Sol-gel transition induced by alumina nanoparticles in a model pulmonary surfactant

Abstract

Inhaled airborne particles smaller than 100 nm entering the airways have been shown to deposit in significant amount in the alveolar region of the lungs. The interior of the alveoli is covered with a ~ 1 µm thick lining fluid, called pulmonary surfactant. Inhaled nanoparticles are susceptible to interact with the lung fluid and modify pulmonary functions.
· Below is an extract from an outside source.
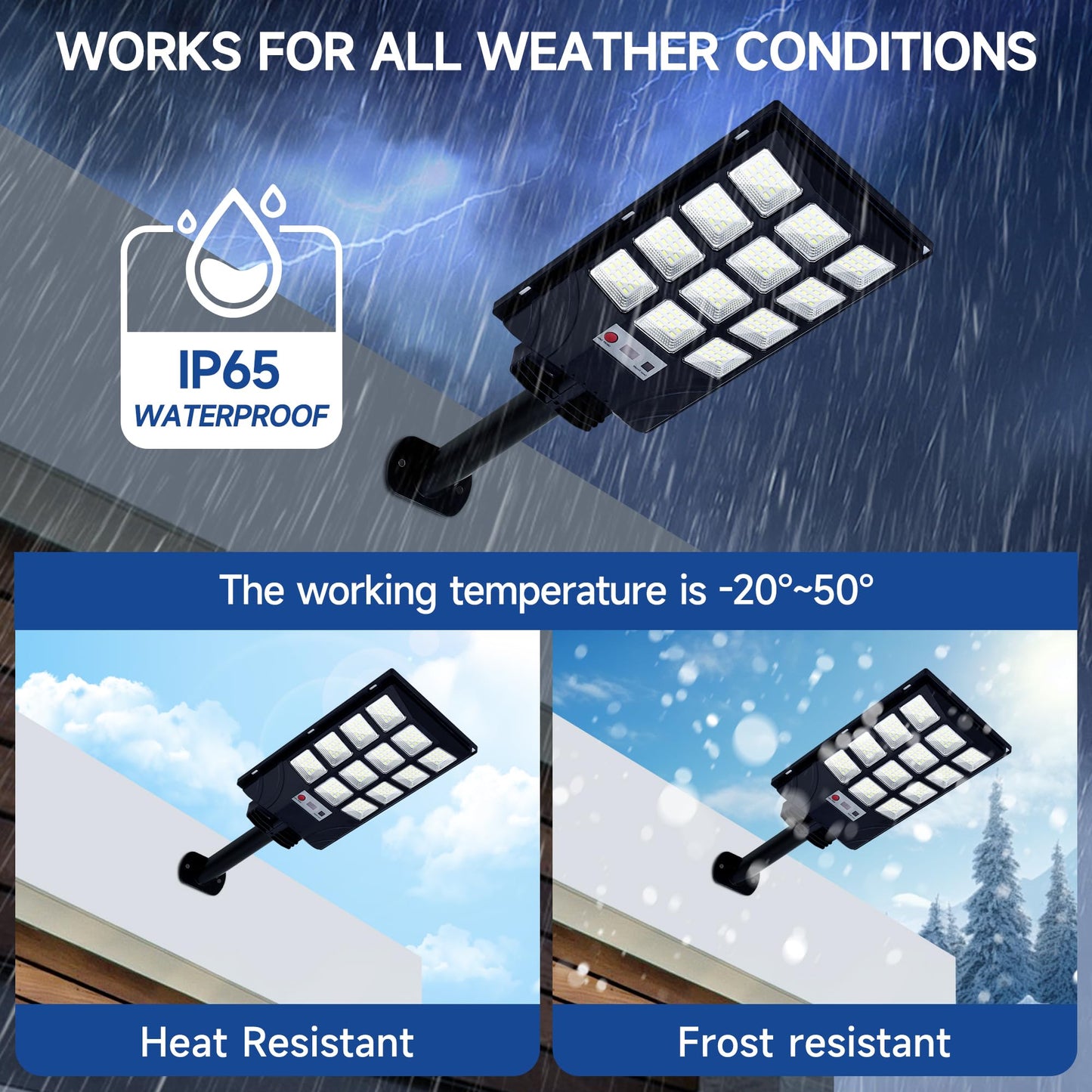 TFKK Solar Lights Outdoor Motion Sensor, 6500K Bright LED Flood Light with Remote Control, IP65 Waterproof Security Wall Light for Yard, Garden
Here we evaluate the structural and rheological properties of the pulmonary surfactant substitute Curosurf® which is administered to premature babies for the treatment of respiratory distress syndrome. Curosurf® is considered a reliable model of endogenous pulmonary surfactant in terms of composition, structure and function. Using active microrheology based on magnetically actuated wires, we find that Curosurf® dispersions exhibit a Newtonian behavior at lipid concentration from 0 to 80 g L−1, and that the viscosity follows the Krieger-Dougherty law observed for a wide variety of colloids. Upon addition of 40 nm alumina nanoplatelets, a significant change of the Curosurf® rheology is noticed. The dispersions then enter a soft solid phase characterized by an infinite viscosity and a non-zero equilibrium elastic modulus. The sol-gel transition induced by the nanoparticles is interpreted as the result of the alumina/vesicle interaction, which are illustrated by transmission electron microscopy. It also suggests a potential toxicity associated with the modification of the lung fluid structural and dynamical properties.